### DIRECTIONS
Return the data below exactly, but only from the line containing "Holiday Home Villa Vesna Lux" through the line containing "Reventa - Villa - Orihuela Costa - La Regia", with both of those lines included.

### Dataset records
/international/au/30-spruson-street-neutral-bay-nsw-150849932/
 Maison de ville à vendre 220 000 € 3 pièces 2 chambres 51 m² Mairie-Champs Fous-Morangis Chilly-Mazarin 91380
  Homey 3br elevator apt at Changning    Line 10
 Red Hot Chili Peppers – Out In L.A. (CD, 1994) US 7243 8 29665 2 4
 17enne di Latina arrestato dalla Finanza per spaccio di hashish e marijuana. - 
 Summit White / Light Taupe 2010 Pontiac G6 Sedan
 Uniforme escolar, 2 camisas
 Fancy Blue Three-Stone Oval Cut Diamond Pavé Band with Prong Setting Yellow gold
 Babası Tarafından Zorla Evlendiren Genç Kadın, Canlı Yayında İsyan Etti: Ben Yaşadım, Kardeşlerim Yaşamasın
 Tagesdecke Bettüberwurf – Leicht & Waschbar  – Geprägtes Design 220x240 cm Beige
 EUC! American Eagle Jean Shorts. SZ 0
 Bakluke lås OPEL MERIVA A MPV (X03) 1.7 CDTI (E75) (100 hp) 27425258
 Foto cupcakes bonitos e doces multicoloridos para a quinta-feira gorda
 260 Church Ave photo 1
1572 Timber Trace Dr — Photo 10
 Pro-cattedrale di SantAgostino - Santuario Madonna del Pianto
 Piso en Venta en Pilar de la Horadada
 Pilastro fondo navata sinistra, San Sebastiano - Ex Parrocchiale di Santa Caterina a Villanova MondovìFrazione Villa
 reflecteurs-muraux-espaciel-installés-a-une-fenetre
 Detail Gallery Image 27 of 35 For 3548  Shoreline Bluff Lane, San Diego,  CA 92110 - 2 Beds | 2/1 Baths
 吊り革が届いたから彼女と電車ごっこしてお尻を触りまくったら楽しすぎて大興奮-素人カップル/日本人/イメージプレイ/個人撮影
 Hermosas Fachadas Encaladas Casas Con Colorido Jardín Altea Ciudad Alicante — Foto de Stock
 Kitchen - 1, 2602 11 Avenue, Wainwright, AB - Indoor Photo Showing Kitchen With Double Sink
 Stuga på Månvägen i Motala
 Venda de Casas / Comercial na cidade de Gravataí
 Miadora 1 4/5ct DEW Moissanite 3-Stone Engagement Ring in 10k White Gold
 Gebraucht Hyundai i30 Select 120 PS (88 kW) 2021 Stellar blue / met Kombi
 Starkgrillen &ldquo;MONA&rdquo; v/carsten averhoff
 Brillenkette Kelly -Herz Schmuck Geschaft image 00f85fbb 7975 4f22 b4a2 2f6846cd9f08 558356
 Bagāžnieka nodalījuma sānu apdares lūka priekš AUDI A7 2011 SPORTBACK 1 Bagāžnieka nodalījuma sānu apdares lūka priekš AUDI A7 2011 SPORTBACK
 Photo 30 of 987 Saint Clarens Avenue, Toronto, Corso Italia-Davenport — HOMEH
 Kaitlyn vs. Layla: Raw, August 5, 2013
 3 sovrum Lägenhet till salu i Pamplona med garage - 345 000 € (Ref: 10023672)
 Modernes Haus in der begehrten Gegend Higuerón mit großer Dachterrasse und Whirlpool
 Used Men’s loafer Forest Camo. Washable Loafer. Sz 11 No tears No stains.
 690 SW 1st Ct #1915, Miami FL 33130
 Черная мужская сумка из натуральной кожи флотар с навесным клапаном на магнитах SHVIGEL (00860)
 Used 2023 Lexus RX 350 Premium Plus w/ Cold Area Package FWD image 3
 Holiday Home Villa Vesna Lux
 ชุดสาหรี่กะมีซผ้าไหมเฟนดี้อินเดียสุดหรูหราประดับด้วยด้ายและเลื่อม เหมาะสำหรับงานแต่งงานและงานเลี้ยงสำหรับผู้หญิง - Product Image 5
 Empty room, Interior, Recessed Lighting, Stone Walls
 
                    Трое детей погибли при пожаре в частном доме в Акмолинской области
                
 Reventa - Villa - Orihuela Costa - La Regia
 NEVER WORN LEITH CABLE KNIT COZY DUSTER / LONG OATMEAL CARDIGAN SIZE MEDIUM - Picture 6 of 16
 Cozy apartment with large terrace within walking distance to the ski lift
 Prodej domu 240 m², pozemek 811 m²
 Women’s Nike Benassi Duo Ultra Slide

### ANSWER BELOW
 Holiday Home Villa Vesna Lux
 ชุดสาหรี่กะมีซผ้าไหมเฟนดี้อินเดียสุดหรูหราประดับด้วยด้ายและเลื่อม เหมาะสำหรับงานแต่งงานและงานเลี้ยงสำหรับผู้หญิง - Product Image 5
 Empty room, Interior, Recessed Lighting, Stone Walls
 
                    Трое детей погибли при пожаре в частном доме в Акмолинской области
                
 Reventa - Villa - Orihuela Costa - La Regia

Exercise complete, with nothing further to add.